Quelle 1: Johann Wolfgang von Goethe: Einfache Nachahmung der Natur, Manier, Stil, 1789

Johann Wolfgang von Goethe: Einfache Nachahmung der Natur, Manier, Stil, in: Goethes Werke, Hamburger Ausgabe, Bd. XII, Hamburg 1960, S. 30-34.

Es scheint nicht überflüssig zu sein, genau anzuzeigen, was wir uns bei diesen Worten denken, welche wir öfters brauchen werden. Denn wenn man sich gleich auch derselben schon lange in Schriften bedient, wenn sie gleich durch theoretische Schriften bestimmt zu sein scheinen, so braucht denn doch jeder sie meistens in einem eignen Sinne und denkt sich mehr oder weniger dabei, je schärfer oder schwächer er den Begriff gefaßt hat, der dadurch ausgedrückt werden soll.

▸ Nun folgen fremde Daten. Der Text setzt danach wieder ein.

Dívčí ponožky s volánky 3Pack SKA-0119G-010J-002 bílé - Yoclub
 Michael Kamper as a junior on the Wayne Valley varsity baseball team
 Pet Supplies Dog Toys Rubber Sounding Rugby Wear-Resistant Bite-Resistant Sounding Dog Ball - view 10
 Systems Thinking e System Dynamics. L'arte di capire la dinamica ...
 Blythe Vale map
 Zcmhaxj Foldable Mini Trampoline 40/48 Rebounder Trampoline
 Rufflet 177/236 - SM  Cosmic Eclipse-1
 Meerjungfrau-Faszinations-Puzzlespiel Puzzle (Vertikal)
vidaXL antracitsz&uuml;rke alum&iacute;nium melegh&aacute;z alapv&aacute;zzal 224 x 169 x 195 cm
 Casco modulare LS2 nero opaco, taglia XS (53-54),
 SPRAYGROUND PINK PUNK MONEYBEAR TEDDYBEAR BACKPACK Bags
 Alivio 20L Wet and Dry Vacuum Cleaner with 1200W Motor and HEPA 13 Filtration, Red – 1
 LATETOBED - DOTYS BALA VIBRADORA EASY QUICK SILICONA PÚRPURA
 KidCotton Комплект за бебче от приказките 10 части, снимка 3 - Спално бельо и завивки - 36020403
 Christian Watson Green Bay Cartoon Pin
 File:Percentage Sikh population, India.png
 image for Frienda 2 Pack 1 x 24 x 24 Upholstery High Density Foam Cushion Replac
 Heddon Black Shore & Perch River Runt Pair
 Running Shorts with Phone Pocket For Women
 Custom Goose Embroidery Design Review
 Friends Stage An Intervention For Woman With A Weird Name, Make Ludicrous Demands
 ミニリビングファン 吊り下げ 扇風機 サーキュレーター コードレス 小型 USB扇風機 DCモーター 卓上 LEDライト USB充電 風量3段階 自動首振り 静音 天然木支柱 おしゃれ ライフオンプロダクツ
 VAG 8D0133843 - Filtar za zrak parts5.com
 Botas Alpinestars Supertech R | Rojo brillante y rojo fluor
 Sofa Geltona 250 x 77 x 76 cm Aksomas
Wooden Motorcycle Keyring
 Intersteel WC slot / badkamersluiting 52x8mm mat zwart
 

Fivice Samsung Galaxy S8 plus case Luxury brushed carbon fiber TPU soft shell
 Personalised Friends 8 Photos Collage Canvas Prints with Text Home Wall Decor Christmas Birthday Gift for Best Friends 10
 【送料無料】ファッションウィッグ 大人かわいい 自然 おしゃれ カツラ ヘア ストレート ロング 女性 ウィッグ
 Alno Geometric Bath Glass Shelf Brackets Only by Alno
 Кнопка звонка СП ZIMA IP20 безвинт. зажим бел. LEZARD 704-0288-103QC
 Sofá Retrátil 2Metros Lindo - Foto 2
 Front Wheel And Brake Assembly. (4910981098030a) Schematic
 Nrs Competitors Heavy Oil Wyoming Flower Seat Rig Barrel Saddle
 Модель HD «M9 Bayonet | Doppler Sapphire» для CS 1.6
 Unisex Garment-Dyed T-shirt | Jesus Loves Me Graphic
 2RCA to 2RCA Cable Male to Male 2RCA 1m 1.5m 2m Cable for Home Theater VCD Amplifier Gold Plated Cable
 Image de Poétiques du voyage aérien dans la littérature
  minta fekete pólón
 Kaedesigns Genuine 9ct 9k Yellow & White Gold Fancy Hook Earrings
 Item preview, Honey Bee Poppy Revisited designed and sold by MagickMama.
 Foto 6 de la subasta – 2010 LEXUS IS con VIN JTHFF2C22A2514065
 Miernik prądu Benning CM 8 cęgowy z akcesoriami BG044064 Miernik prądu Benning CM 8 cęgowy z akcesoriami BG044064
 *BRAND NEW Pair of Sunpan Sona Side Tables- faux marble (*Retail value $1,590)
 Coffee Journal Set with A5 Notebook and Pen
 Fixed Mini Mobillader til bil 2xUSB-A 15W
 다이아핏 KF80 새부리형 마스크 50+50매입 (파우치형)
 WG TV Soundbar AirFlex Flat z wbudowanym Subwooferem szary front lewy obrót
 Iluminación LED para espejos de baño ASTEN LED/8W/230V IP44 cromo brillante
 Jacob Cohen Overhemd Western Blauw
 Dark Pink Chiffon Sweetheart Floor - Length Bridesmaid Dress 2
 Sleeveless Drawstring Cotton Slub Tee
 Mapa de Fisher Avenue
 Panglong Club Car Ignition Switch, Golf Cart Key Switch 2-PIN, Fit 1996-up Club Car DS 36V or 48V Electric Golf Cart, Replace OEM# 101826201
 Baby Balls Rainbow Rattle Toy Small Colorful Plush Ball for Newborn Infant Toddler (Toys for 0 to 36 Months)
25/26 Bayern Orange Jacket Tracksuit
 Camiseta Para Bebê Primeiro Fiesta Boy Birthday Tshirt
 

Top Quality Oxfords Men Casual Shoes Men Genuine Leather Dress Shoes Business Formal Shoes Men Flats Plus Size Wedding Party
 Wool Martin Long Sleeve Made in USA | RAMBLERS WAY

Einfache Nachahmung der Natur
Wenn ein Künstler, bei dem man das natürliche Talent voraussetzen muß, in der frühsten Zeit, nachdem er nur einigermaßen Auge und Hand an Mustern geübt, sich an die Gegenstände der Natur wendete, mit Treue und Fleiß ihre Gestalten, ihre Farben auf das Genaueste nachahmte, sich gewissenhaft niemals von ihr entfernte, jedes Gemälde, das er zu fertigen hätte, wieder in ihrer Gegenwart anfinge und vollendete, ein solcher würde immer ein schätzenswerter Künstler sein: denn es könnte ihm nicht fehlen, daß er in einem unglaublichen Grade wahr würde, daß seine Arbeiten sicher, kräftig und reich sein müßten.
Wenn man diese Bedingungen genau überlegt, so sieht man leicht, daß eine zwar fähige, aber beschränkte Natur angenehme, aber beschränkte Gegenstände auf diese Weise behandeln könne.
Solche Gegenstände müssen leicht und immer zu haben sein; sie müssen bequem gesehen und ruhig nachgebildet werden können; das Gemüt, das sich mit einer solchen Arbeit beschäftigt, muß still, in sich gekehrt und in einem mäßigen Genuß genügsam sein.
Diese Art der Nachbildung würde also bei so genannten toten oder stilliegenden Gegenständen von ruhigen, treuen, eingeschränkten Menschen in Ausübung gebracht werden. Sie schließt ihrer Natur nach eine hohe Vollkommenheit nicht aus.